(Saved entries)
####

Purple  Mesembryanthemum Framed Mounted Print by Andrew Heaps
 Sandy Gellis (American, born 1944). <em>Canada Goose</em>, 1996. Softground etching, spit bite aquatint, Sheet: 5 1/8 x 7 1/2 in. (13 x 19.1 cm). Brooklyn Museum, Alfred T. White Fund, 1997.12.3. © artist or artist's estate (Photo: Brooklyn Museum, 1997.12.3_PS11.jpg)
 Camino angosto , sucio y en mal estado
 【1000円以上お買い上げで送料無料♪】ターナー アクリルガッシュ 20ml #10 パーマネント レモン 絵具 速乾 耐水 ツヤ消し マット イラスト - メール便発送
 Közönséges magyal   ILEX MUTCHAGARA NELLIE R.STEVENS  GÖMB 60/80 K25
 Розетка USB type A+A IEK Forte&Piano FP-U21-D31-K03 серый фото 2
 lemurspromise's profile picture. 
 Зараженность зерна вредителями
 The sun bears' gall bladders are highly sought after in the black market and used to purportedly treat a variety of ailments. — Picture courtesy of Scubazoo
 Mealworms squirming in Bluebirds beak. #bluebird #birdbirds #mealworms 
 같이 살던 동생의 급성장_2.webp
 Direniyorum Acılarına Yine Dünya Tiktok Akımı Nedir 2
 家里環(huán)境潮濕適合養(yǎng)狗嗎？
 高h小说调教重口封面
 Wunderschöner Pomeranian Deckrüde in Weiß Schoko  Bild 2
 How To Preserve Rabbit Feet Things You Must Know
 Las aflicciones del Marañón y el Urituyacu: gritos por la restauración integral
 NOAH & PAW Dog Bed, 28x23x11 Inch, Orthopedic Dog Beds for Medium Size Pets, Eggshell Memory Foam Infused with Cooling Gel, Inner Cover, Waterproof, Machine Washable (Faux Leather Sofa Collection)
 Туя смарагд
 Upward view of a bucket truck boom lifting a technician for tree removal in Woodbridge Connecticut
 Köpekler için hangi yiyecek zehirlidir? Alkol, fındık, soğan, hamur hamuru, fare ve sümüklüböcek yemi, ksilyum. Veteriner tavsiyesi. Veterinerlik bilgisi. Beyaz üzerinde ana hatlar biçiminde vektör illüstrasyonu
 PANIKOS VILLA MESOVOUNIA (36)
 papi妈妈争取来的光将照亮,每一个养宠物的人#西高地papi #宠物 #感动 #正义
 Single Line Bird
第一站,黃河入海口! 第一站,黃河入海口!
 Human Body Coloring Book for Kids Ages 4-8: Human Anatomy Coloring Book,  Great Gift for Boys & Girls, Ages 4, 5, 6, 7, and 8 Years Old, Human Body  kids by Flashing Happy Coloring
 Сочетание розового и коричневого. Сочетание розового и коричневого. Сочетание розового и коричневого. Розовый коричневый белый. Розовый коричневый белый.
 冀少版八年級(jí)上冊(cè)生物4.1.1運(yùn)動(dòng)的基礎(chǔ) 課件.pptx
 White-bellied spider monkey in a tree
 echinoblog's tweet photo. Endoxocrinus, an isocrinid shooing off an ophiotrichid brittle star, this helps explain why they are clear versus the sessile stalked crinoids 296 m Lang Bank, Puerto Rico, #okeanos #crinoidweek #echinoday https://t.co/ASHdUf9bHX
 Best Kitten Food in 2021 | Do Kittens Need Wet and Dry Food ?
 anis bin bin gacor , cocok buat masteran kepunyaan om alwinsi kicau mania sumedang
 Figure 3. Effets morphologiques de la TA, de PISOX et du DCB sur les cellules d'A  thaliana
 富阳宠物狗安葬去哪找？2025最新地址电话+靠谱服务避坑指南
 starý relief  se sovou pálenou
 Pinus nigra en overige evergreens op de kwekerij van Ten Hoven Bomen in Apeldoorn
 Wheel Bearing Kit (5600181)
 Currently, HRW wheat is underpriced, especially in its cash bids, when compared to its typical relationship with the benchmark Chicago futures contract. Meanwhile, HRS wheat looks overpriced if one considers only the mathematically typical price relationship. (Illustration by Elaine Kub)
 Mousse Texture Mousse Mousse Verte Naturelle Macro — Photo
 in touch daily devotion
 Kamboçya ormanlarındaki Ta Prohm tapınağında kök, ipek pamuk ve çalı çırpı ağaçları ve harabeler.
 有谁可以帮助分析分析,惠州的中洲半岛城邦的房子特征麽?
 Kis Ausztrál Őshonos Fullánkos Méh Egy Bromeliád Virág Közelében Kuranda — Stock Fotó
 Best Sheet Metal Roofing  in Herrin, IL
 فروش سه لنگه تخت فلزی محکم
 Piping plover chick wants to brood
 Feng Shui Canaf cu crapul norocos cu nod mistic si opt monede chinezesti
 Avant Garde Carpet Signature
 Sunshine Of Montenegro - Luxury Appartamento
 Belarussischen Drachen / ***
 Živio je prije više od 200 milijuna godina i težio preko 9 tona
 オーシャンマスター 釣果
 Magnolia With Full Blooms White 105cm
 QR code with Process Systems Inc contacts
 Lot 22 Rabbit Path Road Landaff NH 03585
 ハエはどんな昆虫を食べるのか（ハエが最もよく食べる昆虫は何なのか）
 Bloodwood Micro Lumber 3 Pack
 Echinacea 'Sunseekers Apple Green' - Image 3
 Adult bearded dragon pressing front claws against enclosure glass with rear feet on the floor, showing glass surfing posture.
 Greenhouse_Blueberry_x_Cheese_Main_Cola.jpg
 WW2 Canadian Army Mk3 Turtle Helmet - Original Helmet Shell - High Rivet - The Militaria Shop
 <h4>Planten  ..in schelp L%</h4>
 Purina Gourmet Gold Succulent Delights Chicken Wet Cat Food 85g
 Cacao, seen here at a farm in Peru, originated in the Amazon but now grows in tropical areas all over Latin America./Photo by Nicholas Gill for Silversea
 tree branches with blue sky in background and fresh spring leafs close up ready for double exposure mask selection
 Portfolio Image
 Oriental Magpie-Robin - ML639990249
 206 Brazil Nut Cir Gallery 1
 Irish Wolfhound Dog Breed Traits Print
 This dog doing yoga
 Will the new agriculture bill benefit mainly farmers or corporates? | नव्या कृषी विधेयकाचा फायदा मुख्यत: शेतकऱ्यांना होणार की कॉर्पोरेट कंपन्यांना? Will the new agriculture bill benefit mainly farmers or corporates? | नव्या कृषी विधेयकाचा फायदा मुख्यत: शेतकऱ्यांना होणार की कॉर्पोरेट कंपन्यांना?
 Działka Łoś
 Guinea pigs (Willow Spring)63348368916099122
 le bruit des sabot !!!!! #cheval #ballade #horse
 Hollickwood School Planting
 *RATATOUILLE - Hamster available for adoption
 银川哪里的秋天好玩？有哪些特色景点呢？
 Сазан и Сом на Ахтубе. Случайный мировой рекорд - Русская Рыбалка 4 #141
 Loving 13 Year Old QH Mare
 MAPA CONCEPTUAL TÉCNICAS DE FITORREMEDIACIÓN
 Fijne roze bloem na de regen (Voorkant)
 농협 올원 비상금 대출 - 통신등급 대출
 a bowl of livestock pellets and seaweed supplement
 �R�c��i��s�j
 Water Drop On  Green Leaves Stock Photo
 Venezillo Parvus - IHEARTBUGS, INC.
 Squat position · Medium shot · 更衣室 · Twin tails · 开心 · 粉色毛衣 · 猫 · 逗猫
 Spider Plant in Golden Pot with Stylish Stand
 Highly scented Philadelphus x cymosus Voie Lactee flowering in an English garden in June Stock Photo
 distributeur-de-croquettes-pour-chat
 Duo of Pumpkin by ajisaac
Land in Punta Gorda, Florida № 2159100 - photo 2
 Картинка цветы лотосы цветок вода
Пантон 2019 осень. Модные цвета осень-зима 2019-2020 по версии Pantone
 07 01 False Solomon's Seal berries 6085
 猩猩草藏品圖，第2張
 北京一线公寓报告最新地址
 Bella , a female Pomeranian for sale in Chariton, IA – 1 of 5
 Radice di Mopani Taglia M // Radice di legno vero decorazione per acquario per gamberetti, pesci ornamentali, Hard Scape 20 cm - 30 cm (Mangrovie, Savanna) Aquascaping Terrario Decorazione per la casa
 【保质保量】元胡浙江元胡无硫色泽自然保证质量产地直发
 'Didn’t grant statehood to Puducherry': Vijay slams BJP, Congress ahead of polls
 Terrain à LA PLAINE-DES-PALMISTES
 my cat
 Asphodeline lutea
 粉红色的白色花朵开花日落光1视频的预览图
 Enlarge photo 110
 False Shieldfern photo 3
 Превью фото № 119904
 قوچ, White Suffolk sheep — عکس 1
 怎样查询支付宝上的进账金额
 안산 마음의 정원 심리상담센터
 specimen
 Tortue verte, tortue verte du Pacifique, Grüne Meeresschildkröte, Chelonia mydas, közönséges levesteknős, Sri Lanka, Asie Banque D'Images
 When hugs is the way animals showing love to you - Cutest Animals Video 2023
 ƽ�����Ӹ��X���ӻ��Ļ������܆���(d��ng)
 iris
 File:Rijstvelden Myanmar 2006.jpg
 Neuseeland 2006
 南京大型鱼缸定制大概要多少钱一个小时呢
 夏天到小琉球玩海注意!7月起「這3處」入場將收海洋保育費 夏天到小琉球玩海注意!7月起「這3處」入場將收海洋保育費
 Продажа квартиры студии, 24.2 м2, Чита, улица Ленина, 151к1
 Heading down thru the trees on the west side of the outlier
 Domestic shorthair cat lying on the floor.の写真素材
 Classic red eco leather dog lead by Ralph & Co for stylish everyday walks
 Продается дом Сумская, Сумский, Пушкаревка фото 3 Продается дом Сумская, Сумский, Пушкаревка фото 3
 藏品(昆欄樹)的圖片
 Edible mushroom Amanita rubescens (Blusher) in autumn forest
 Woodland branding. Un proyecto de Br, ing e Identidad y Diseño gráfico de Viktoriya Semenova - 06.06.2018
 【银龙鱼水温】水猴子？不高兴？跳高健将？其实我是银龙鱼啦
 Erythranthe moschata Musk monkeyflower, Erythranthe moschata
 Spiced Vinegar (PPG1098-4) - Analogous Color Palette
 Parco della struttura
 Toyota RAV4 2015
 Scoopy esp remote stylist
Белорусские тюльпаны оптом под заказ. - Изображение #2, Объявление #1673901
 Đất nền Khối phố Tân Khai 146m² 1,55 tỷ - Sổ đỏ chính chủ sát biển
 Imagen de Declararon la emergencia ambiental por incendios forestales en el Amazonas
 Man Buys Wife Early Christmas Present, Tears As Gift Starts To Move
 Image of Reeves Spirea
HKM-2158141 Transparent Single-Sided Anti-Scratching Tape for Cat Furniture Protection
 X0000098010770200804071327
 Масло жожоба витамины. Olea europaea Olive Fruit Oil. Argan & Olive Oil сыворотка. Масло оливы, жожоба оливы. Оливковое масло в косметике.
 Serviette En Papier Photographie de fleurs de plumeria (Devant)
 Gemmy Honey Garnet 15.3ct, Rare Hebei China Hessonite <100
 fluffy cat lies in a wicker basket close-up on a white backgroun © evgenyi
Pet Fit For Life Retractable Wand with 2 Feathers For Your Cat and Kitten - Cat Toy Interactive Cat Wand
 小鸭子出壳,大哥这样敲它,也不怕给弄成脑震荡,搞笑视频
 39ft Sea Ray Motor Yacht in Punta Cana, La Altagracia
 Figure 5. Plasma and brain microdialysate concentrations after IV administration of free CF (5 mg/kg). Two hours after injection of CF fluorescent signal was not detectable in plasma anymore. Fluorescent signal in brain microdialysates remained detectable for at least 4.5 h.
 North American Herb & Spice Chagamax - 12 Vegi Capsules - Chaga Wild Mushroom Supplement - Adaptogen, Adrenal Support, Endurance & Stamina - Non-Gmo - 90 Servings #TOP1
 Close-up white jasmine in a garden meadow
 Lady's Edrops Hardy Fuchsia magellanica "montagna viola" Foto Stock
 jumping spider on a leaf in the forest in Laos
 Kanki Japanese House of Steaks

####

Try it:
Going through the records above, count the lines that hold "False" and answer with the count alone.

Response to the task:
2